I'm currently going through this paper by Blei et. al. that describes the setup and derivation of the coordinate ascent equations for a Gaussian mixture model with K components. I am having some trouble with the coordinate ascent update for the mixture assignment probabilities.

Keeping in line with the paper's notation, we have that

$$\mu \sim \text{N}(0, \sigma^2)$$

$$c \sim \text{Multinomial}(1, [\frac{1}{K}, \ldots \frac{1}{K}])$$

$$x|\mu, c \sim \text{N}(c^T\mu, 1)$$

The paper posits a multinomial as the variational distribution of the mixture assignments $$c_i$$. The optimal update for the mixture assignments is then given by

$$q^{*}(c_i) \propto exp(\mathbb{E}_{-j}[log\, p(\mathbf{x}, \mathbf{c}, \mu)])$$

$$\propto exp(log \, p(c_i) + \mathbb{E}[log \, p(x_i|c_i, \mu)])$$

$$\propto exp(\mathbb{E}[log\, p(x_i | c_i, \mu)])$$

Where the expectation is taken with respect to $$q(\mu)$$. The inner term is equal to

$$\mathbb{E}[log\, p(x_i | c_i, \mu)] = \sum_{k=1}^{k} c_{ik}\mathbb{E}[log\, p(x_i|\mu_k)]$$

$$\propto \sum_{k} c_{ik} \mathbb{E}[-\frac{(x_i-\mu_{k})^2}{2\sigma^2}]$$

$$\propto \sum_{k} c_{ik}(\mathbb{E}[\mu_k]x_i - \mathbb{E}[\mu_k^2]/2)$$

From this, the authors conclude that the update for the multinomial variational parameter is

$$P_q(c_{ik} = 1) = \psi_{ik} \propto exp(\mathbb{E}[\mu_k]x_i - \mathbb{E}[\mu_k^2]/2)$$

I am struggling with the last step of the derivation. The second to last step had an extra $$c_{ik}$$ term that seemed to just disappear, and I can't find out how they were able to cancel it out.

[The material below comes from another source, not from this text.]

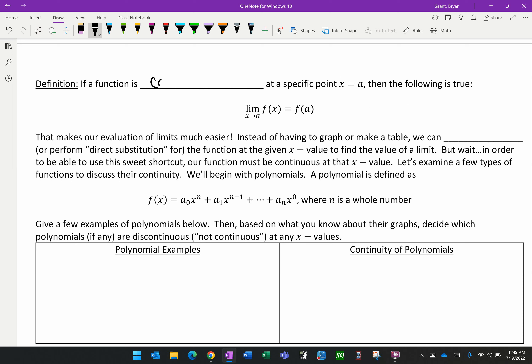If a function is continuous at a specific point, the limit of the function equals what happens at the point. This makes evaluation of limits much easier — instead of having to graph or make a table, we can perform direct substitution: just substitute the x value into the equation, and we're done. In order to use this shortcut, our function has to be continuous. Let's examine a few types of functions to discuss their continuity.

$$c_i$$ is an "indicator vector". This means that $$c_{ik}$$ is 1 only when $$x_i$$ belongs to cluster $$k$$, and 0 otherwise. Thus when we are considering $$\psi_{ik}$$, we can directly evaluate the expression $$\exp\left(\mathbb{E}[\mu_k]x_i - \frac{\mathbb{E}[\mu_k^2]}2\right)$$ for that particular $$k$$.